Phenolic materials are an alternative material for abradeable/erodible contact surfaces. As with soft metal sheathing materials phenolic may be formed with known manufacturing techniques and mounted to the parent BHA positioning elements mechanically, or by adhesives as are known in the art. Harder material inclusions may be deployed in the phenolic to resist accelerated wear in more abrasive drilling applications. As with the soft metal noted above an intervening hard material such as hard facing or tungsten carbide inserts typically underlays the phenolic to limit continued wear after the phenolic has worn away.

Dissolvable materials are also known in the art. Reference is made to U.S. Pat. No. 9,856,411 as an example of the downhole use of dissolvable materials. The subject patent discusses specifically a degradable thermoset polymer material for use in frac plug applications. This or a similar material may be used for the sheathing material of the contact elements of the BHA. When used in this way the thermoset materials are attacked with fluid that reacts with the thermoset and dissolves the thermoset material. By way of a non-limiting example, a slug of high salt content fluid in the drilling fluid column to dissolve the sheathing and thereby reduce the radial extension of the contact surfaces. While a thermoset material that is dissolves in a high salt content fluid is described, other composites and fluid additives are possible. Of note is the fact that different formulations of dissolvable material will dissolve at different rates or in response to variations in fluid make up. In practicing the technology of this application dissolvable formulations are chosen which will survive substantially intact in the early part of the drilling. Another optional applicable feature of dissolvable material formulations of the present application is the use of a more slowly dissolvable shell as an outer surface of the dissolvable with a more quickly dissolving formulation at the core of the dissolvable component. This approach may better resist dissolving for a substantial or all of the curve section of the well, and then quickly dissolve and evacuate later in the run.

As with soft metal or phenolic materials if the formations to be drilled are abrasive and will wear the polymer material too quickly then the polymer may be reinforced with inclusions of harder material as listed earlier. Also, as with soft metals, an underlying hard material layer limits ongoing wear after the outer dissolvable layer has dissolved away.

Dissolvable materials may also be used as an intervening material between the parent BHA positioning element base and an outer hard material facing. Once the curve has been made or nearly made and the drilling is ready to enter or has entered the lateral section a slug of high salt content drilling fluid is pumped down to dissolve the intervening thermoset polymer material. The outer metal sheath can then be depressed along slide, guide, or hinged surfaces as known in the art to effectively reduce the radial extension of the contact surfaces.

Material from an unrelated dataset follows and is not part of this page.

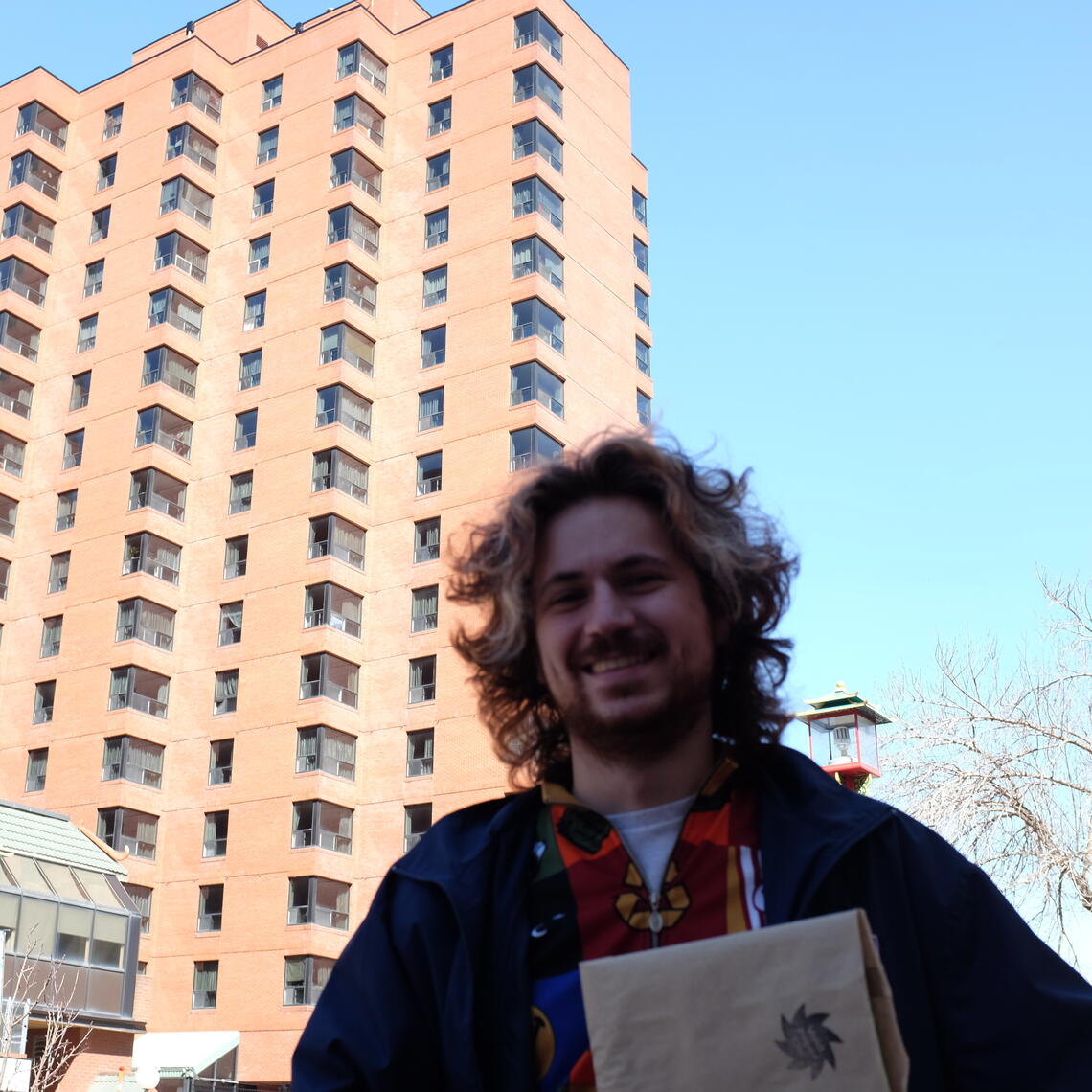 Brennan Chaudhry, a young man with fair skin and curly hair, is standing outside with city buildings and blue sky behind him.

Another alternative is to have the outer contact surfaces set with caged rotating balls in contact with the formation. The balls are under laid by wearable or dissolvable material. Over the course of the run the underlying support for the ball wears down reducing the radial extension of the ball. If a dissolvable material is used as before a slug of high salt fluid may be used to dissolve the underlying support to reduce the radial extension of the contact surfaces when the wellbore has reached the end of the curve or the beginning of the lateral section.

In the embodiments where a harder surface or ball are under laid by a dissolvable or wear element the tool may be designed to allow for the replacement of the underlying wear element or dissolvable to prepare the tool for use in another well.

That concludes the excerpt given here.